A handmade bovine three-portion pericardial patch was used to reconstruct the AMC in a patient with severe endocarditis requiring double valve replacement; the technique allowed for steady anchorage of prosthetic valves without additional incisions other than conventional aortotomy and atriotomy. Postoperative echocardiography revealed normal cardiac function and no significant perivalvular leakage. The patient displayed complete recovery and was discharged on postoperative day 33. The patient was symptom-free at his 1-year follow-up and displayed normal laboratory and echocardiographic findings.
The bovine three-portion pericardial patch is useful for reconstructing the AMC in patients with infective endocarditis accompanied by preserved aortic annulus.
KeywordsInfective endocarditis Aorto-mitral curtain Patch repair
Involvement of the aorto-mitral curtain (AMC) is uncommon in patients with infective endocarditis. Once it is affected, the procedure for double valve replacement becomes more complex as it necessitates reconstruction of the AMC. This surgery is challenging and is associated with a high mortality rate (20–30%) [1, 2, 3]. In contrast, in patients with preserved aortic annulus, it is possible to reconstruct the AMC using a simple technique requiring limited incisions. Here, we report the surgical case of a patient with infective endocarditis with AMC involvement who was treated using the conventional approach.
The heart was approached via median full sternotomy. An oblique incision was made in the ascending aorta under conditions of cardiac arrest. The aortic valve was bicuspid (type 1). Vegetation was observed at the non-coronary cusp, extending to the AMC. The mitral valve was exposed via the superior trans-septal approach. The anterior leaflet was thickened and had attached vegetation. Debridement of the infected tissue led to a defect in the middle portion of the anterior mitral annulus, AMC, and non-coronary cusp.

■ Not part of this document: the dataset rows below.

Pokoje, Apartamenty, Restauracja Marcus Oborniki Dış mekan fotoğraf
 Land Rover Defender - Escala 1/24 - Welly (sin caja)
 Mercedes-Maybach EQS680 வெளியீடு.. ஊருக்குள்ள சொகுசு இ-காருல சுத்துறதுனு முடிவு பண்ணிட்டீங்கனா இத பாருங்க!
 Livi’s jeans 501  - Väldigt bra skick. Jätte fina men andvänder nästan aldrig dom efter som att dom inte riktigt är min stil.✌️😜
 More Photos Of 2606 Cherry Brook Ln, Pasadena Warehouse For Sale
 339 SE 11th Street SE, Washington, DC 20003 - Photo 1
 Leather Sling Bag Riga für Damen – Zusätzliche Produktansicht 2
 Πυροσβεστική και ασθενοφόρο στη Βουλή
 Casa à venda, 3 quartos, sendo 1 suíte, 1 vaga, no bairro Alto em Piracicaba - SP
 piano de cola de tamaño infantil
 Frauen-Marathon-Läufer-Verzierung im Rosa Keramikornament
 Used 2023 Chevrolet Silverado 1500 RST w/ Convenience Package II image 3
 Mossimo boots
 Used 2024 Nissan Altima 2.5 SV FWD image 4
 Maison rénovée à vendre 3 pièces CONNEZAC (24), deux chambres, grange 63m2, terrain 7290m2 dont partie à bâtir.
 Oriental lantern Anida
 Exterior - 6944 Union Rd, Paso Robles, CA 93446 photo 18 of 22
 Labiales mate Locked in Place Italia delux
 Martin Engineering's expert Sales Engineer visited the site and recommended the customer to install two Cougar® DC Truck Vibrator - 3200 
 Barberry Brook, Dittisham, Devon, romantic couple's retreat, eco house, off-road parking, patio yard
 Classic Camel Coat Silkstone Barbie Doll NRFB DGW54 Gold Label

Cardiobacterium valvarum was isolated on blood culture. Vancomycin and ceftriaxone were intravenously administered for 4 weeks postoperatively. Postoperative echocardiography revealed normal cardiac function with no significant perivalvular leakage. The patient displayed complete recovery and was discharged on postoperative day 33. The patient was symptom-free at his 1-year follow-up and exhibited normal laboratory and echocardiographic findings.
Several studies have reported on the most appropriate AMC reconstruction technique depending on the extent of involvement. For example, David et al. reported a technique for patch reconstruction of the anterior mitral annulus, left ventricular outflow tract, and left atrial roof in patients with an infected AMC . Davierwala et al. used an aortic prosthesis or aortic root conduit in patients with more extensive aortic annular involvement . Moreover, Tedoriya et al. reported a handmade aorto-mitral bioprosthetic valve created using two bioprosthetic valves and Dacron knitted fabric for reconstructing the AMC after extensive debridement . These techniques require complex incisions in addition to routine aortotomy and atriotomy to expose the aortic and mitral valves.
In our case, aortotomy was performed to observe the aortic valve because the periannular tissue damage was not clearly identified via both preoperative and intraoperative echocardiography. In patients with involvement of the aortic annulus, annular incision using the Manouguian technique might be an appropriate add-on approach to mitral valve surgery . However, this approach inevitably requires double valve replacement on the single layer of the pericardial patch. The advantage of our technique is that it allows reconstruction of the AMC without any additional incisions other than aortotomy and atriotomy; this facilitates the repair of the mitral valve or the implantation of two prosthetic valves in the natural annular position without excessive suture tension.
Use of the bovine pericardial patch is helpful in surgery for active infective endocarditis. Shinn et al. reported the use of a pericardial patch for reconstruction of the aortic annulus, AMC, and mitral annulus in 57 patients. They reported satisfactory outcomes at mid-term follow-up, thereby indicating the safety and durability of such patches . However, complications associated with extensive use of the pericardium, such as valve dehiscence, perivalvular leakage, and pseudo-aneurysms, have been reported within the first year of surgery . In our technique, the three-portion patch was created as a double layer. The shape of each patch portion was designed considering the suture line for the reconstruction of the AMC. The AMC patch portion was fitted in the triangular area surrounded by the left and right trigone and the mitral annulus. The aortic patch portion was rectangular and was horizontally sutured to the aortic annulus. We believe that this minimum usage of the double layer patch and the modified design for the AMC will render the mitral patch portion more durable and allow for anchorage of the prosthetic valve in patients requiring debridement of the AMC. In contrast, calcification of the pericardial patch has been reported particularly when used in the posterior rim of the mitral annuls. Dacron polyester fabric is an alternative material that may be preferable in this situation . Further follow-up is required to ascertain the long-term durability of the pericardial patch.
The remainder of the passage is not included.